We filed a motion to terminate R.W.’s A.L.S. At the hearing on our motion, the officer testified that she did not handcuff R.W. and did not intend to actually arrest him. She only intended to question him, request a blood sample, and write him a ticket. We argued that, based on the recent case of State v. Whitt, the judge should terminate R.W.’s A.L.S.

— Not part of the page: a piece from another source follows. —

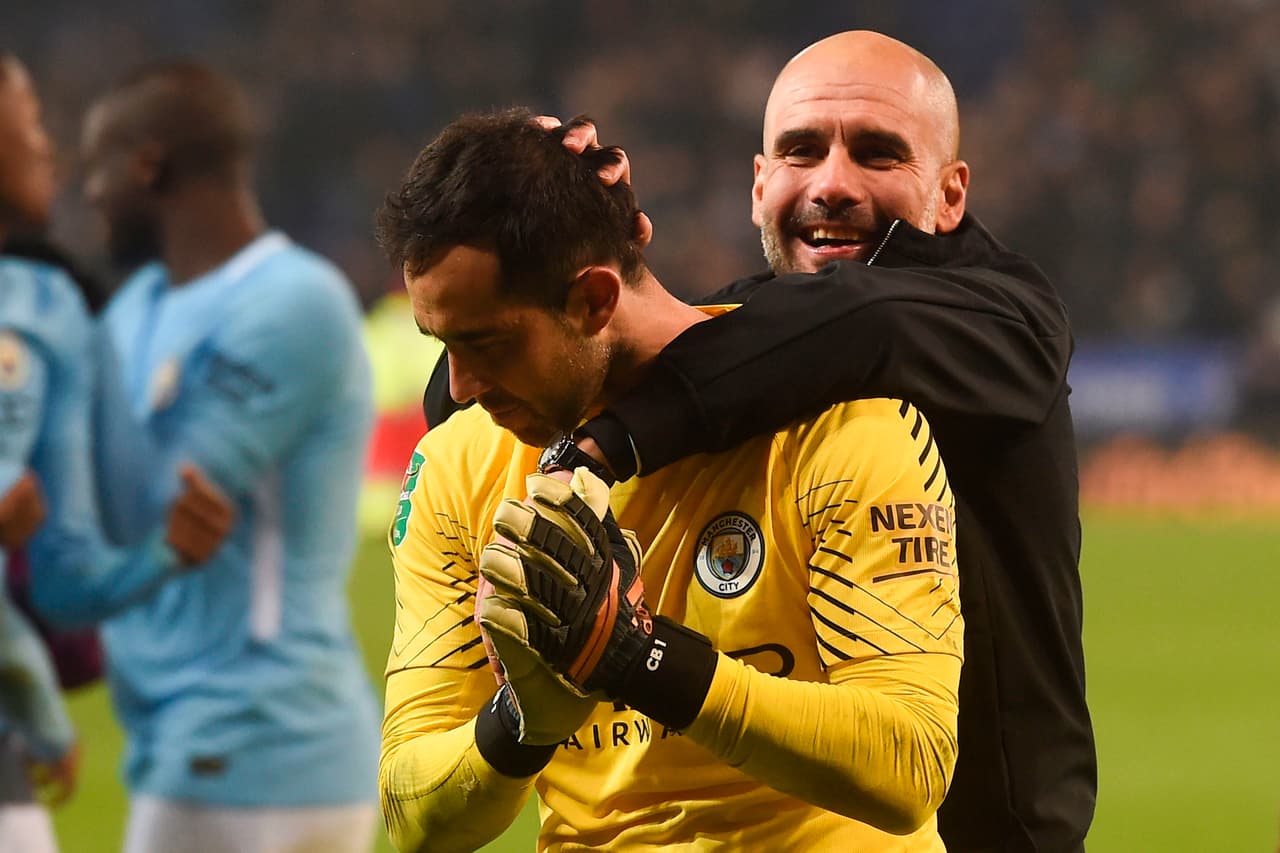 Manchester City's Spanish manager Pep Guardiola (R) celebrates on the pitch with Manchester City's Chilean goalkeeper Claudio Bravo (L) after winning after the penalty shoot out in the English League Cup quarter-final football match between Leicester City and Manchester City at King Power Stadium in Leicester, central England on December 19, 2017. / AFP PHOTO / PAUL ELLIS / RESTRICTED TO EDITORIAL USE. No use with unauthorized audio, video, data, fixture lists, club/league logos or 'live' services. Online in-match use limited to 75 images, no video emulation. No use in betting, games or single club/league/player publications. / (Photo credit should read PAUL ELLIS/AFP/Getty Images)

State v. Whitt was decided in August of 2010 by the Fifth District Court of Appeals. The facts of the Whitt case are nearly identical to the facts in R.W.’s case. In Whitt, the court reviewed the legislative language related to A.L.S. and concluded that an “arrest” is necessary before an A.L.S. can be imposed. In the Whitt case, the issue was whether the defendant’s submission to the blood test was coerced. The officer told Whitt the consequences of refusing a test (an A.L.S.), but those consequences couldn’t really be imposed; there could not be an A.L.S. because there was no arrest. The Court in the Whitt case concluded that the defendant’s submission to the blood test was therefore coerced and consequently inadmissible.
In R.W.’s hearing, the prosecutor argued that R.W. was arrested, so the A.L.S. should not be terminated. The judge, however, concluded otherwise. R.W.’s A.L.S. was terminated, and R.W. got his license back that day.